Copy out exactly the lines from the one containing "Product Image 4" to the last line of the records below, both included, and leave out any pictures.
*** DATA RECORDS Section Begins ***
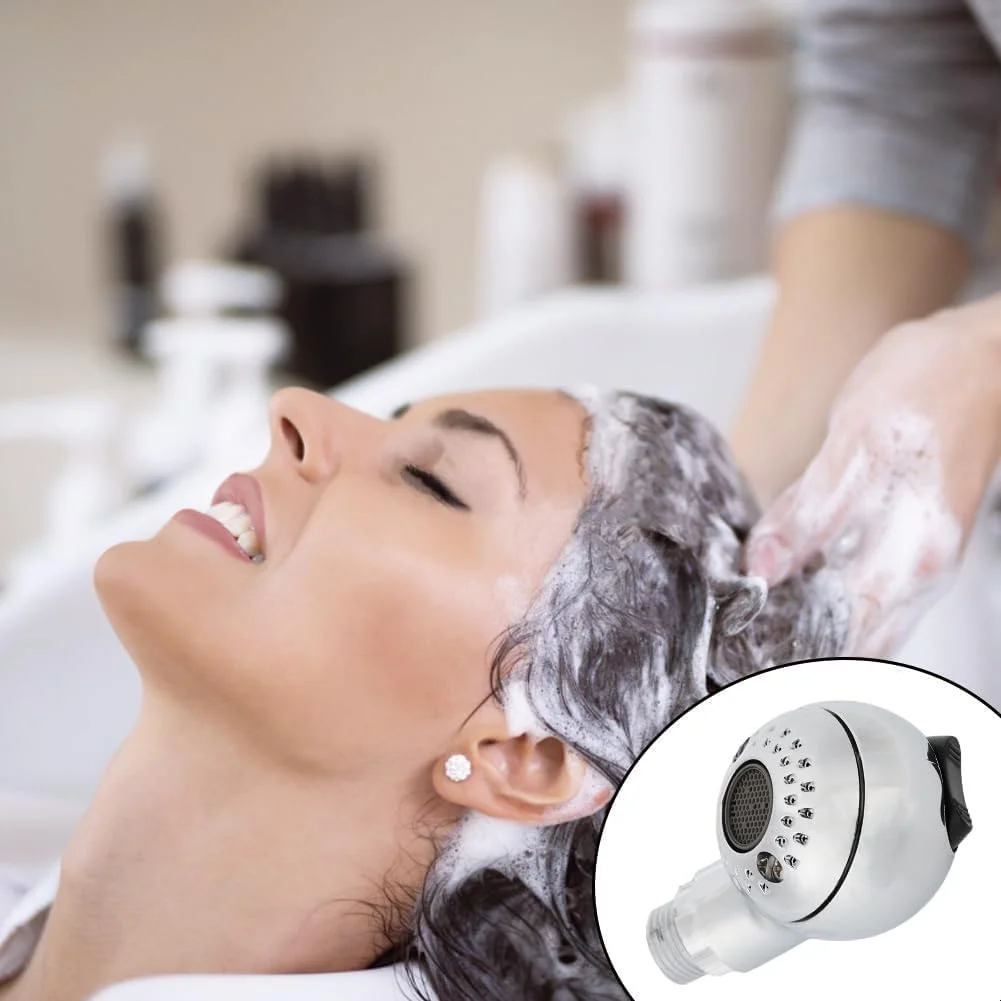 سردوش شامپو سرشور آرایشگاهی آزونه، نازل دوش آرایشگری فشار قوی، جایگزین اتصال اسپری شیر آب دوش صندلی پدیکور برای شستشوی موی سگ و حمام نوزاد سردوش شامپو سرشور آرایشگاهی آزونه، نازل دوش آرایشگری فشار قوی، جایگزین اتصال اسپری شیر آب دوش صندلی پدیکور برای شستشوی موی سگ و حمام نوزاد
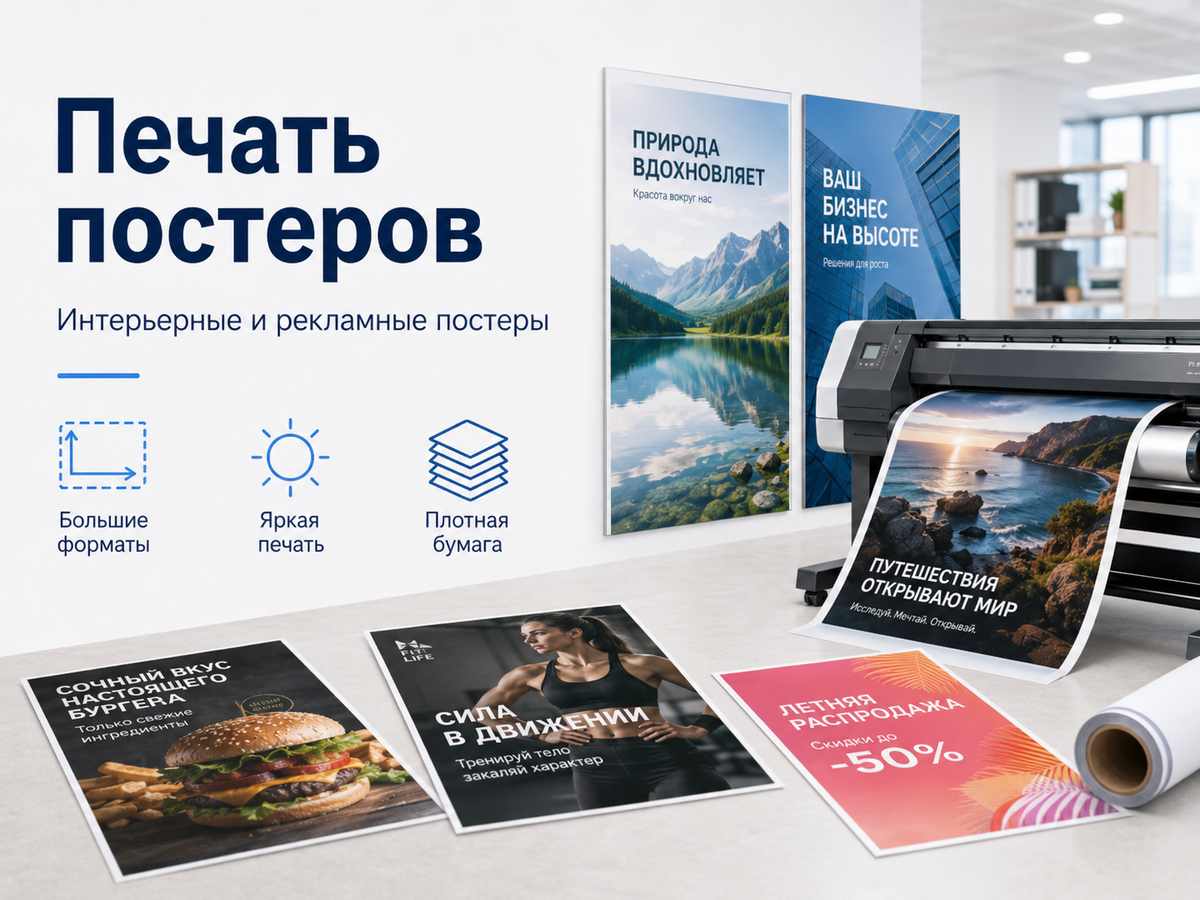 Печать на холсте
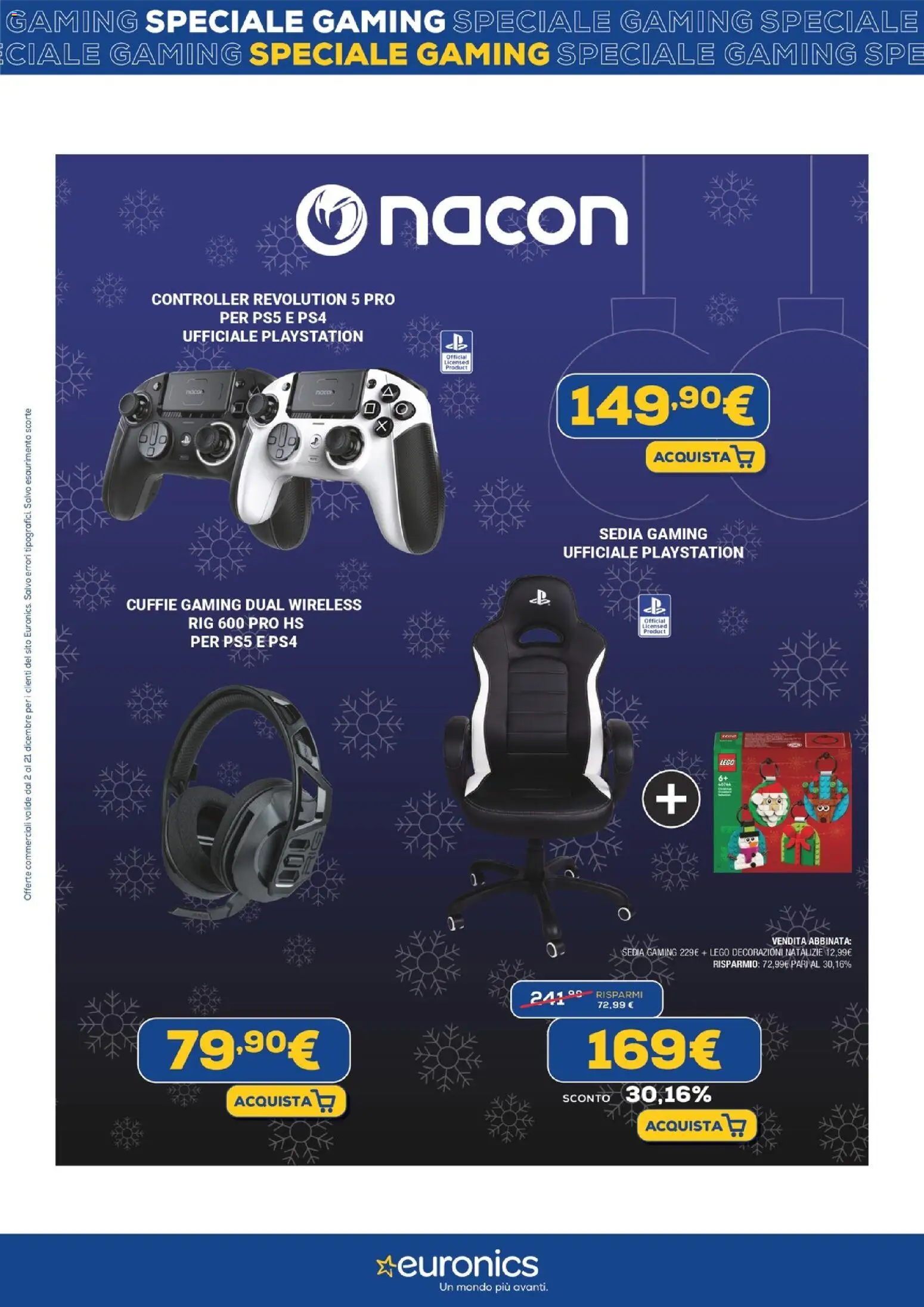 Euronics Gaming catalogo - pagina 18 - valido dal 02/12/2025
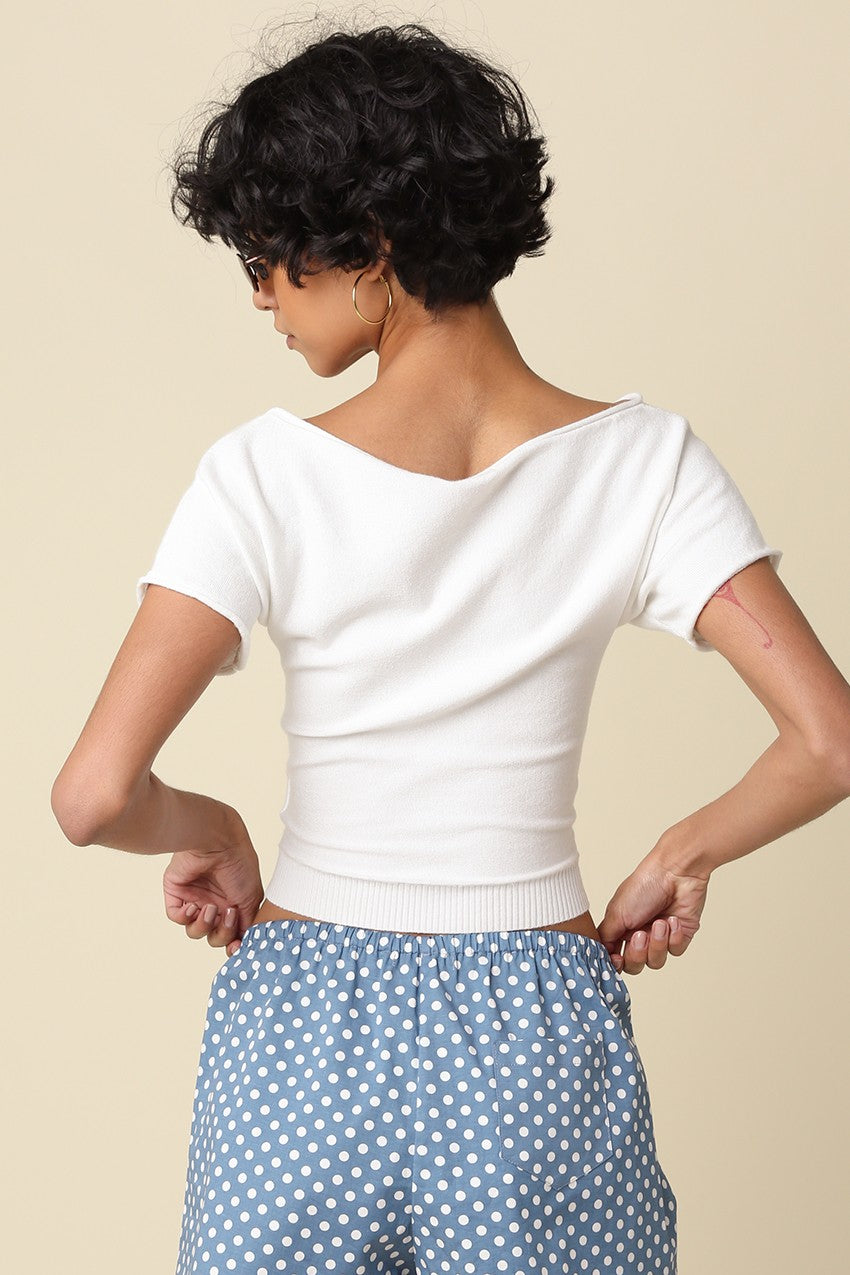 Olivaceous | Jordan Knit Top - Butter | Sweetest Stitch Boutique
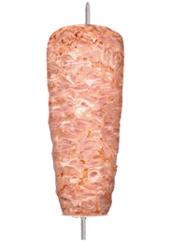 BROCHE KEBAB DINDE & VEAU 5KG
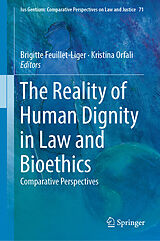 eBook (pdf) The Reality of Human Dignity in Law and Bioethics de 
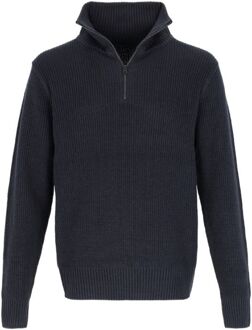 life-line Steven - Schipperstrui - Blauw - 2XL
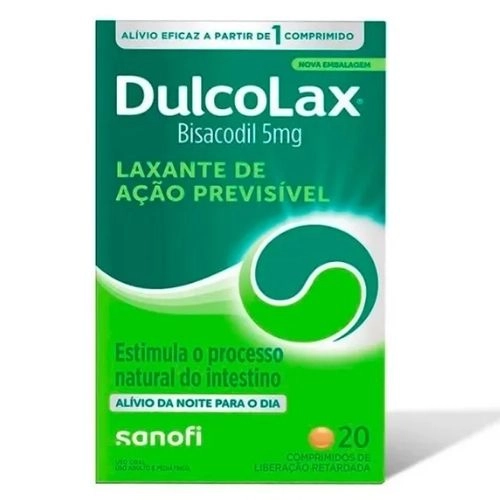 DULCOLAX 5MG 20DRG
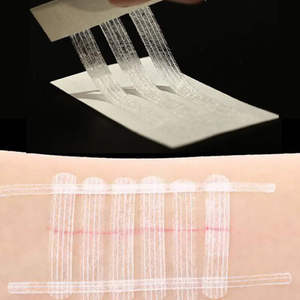 เทปพันแผลแบบใช้แล้วทิ้งชนิดไม่ถักทอ สำหรับปิดแผลทางการแพทย์  แผ่นปิดแผลสเตอริสตริปส์ สำหรับการดูแลแผล - Product Image 4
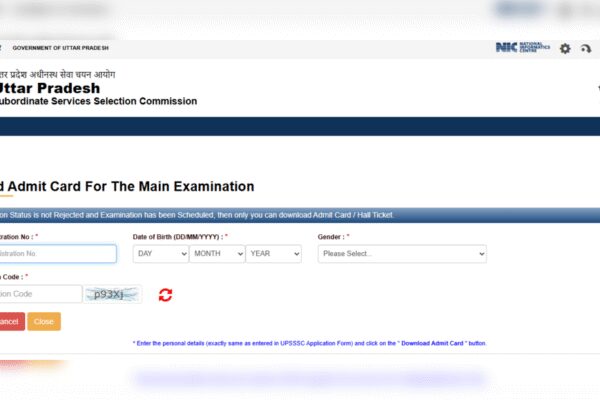 UPSSSC ANM mains admit card 2026 released for 5,272 female health worker posts: Direct link to download here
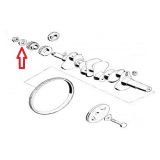 Peugeot 104 / Peugeot 204 / Peugeot 304 - Freio de travamento da ponta cambota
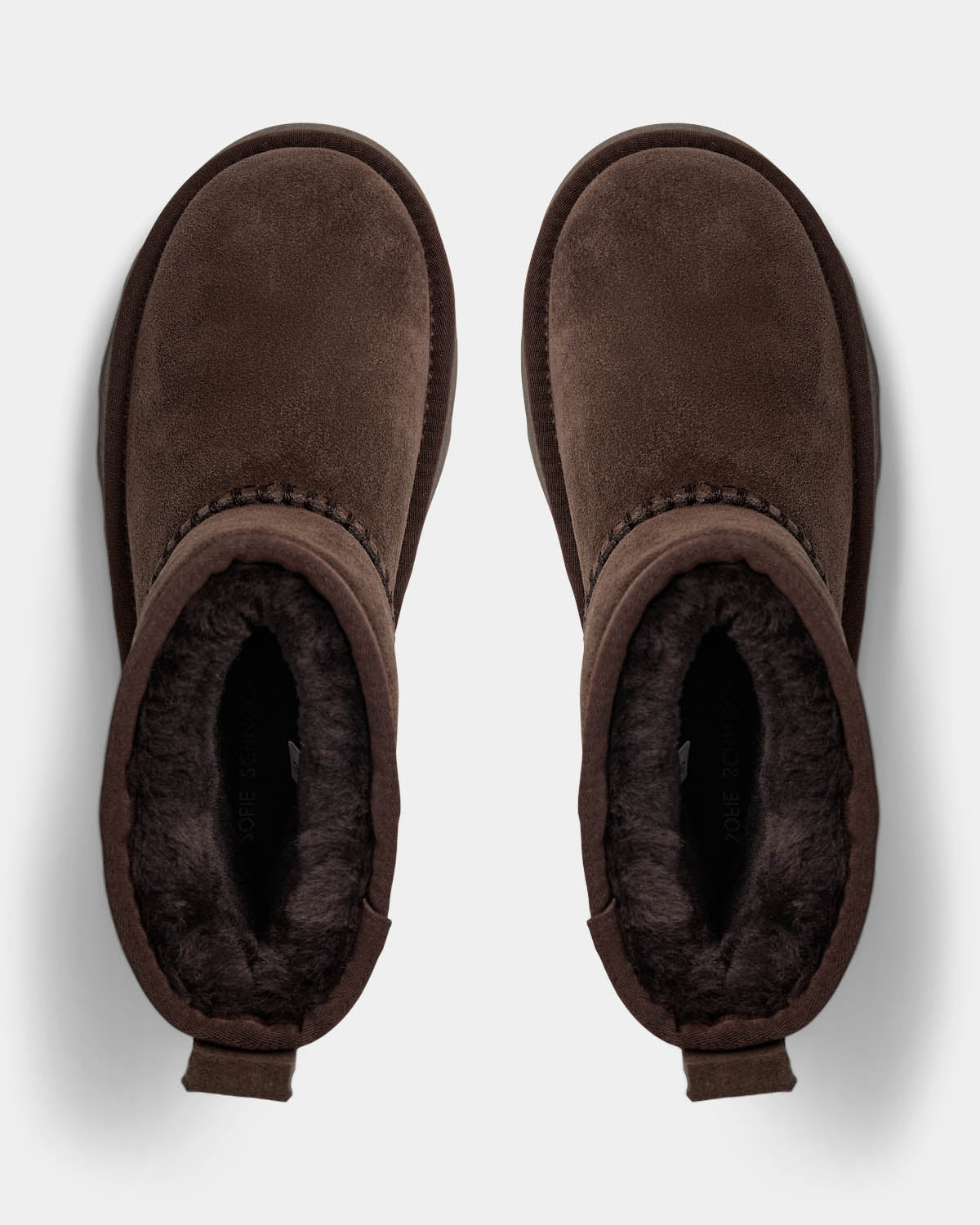 Sofie Schnoor WOMEN ALLIESW BAMSESTØVLE Bamsestøvle 7017 Dark brown
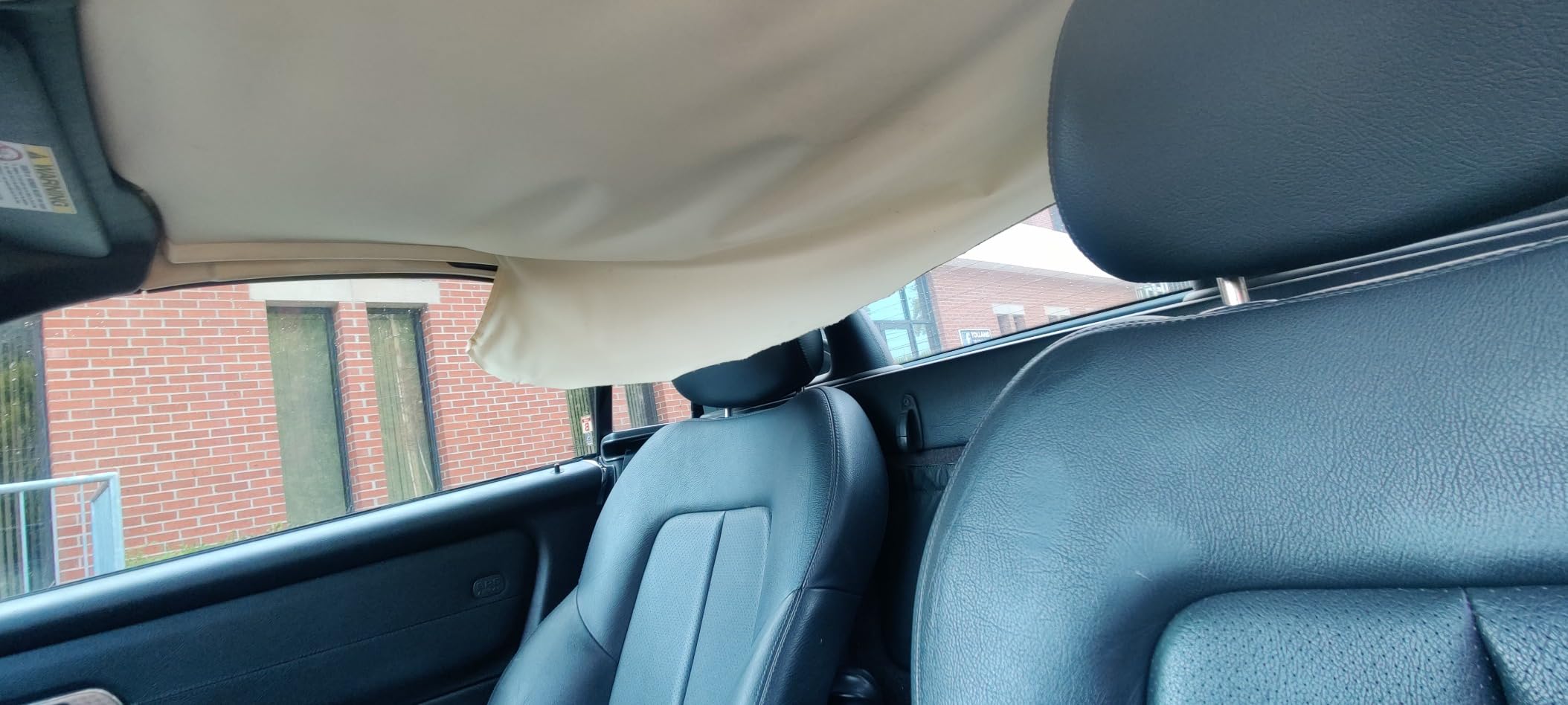 3M Headliner & Fabric Adhesive, 18.1 oz., Exceptional Strength Bonds Heavyweight Automotive Fabrics to Metal Surfaces, For Bonding Headlines, Carpet, Foam and Others, Quick & Easy Application (38808) customer photo 2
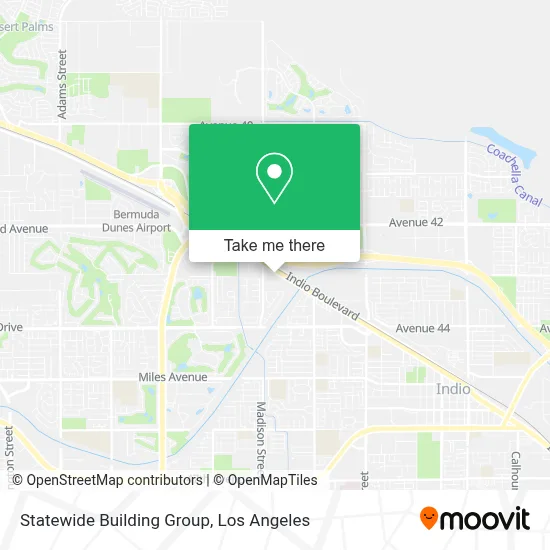 Statewide Building Group map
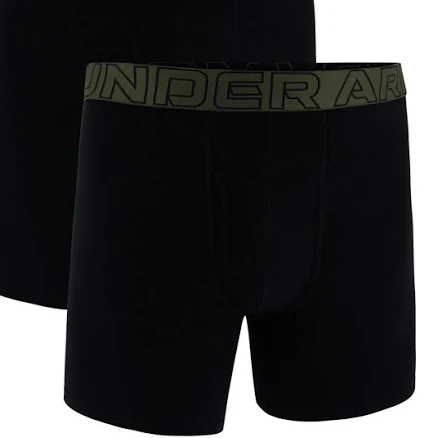 Under Armour Men's 3-Pack Performance Cotton Boxerjock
*** DATA RECORDS Section Ends ***
* **TASK SOLUTION**
 เทปพันแผลแบบใช้แล้วทิ้งชนิดไม่ถักทอ สำหรับปิดแผลทางการแพทย์  แผ่นปิดแผลสเตอริสตริปส์ สำหรับการดูแลแผล - Product Image 4
 UPSSSC ANM mains admit card 2026 released for 5,272 female health worker posts: Direct link to download here
 Peugeot 104 / Peugeot 204 / Peugeot 304 - Freio de travamento da ponta cambota
 Sofie Schnoor WOMEN ALLIESW BAMSESTØVLE Bamsestøvle 7017 Dark brown
 3M Headliner & Fabric Adhesive, 18.1 oz., Exceptional Strength Bonds Heavyweight Automotive Fabrics to Metal Surfaces, For Bonding Headlines, Carpet, Foam and Others, Quick & Easy Application (38808) customer photo 2
 Statewide Building Group map
 Under Armour Men's 3-Pack Performance Cotton Boxerjock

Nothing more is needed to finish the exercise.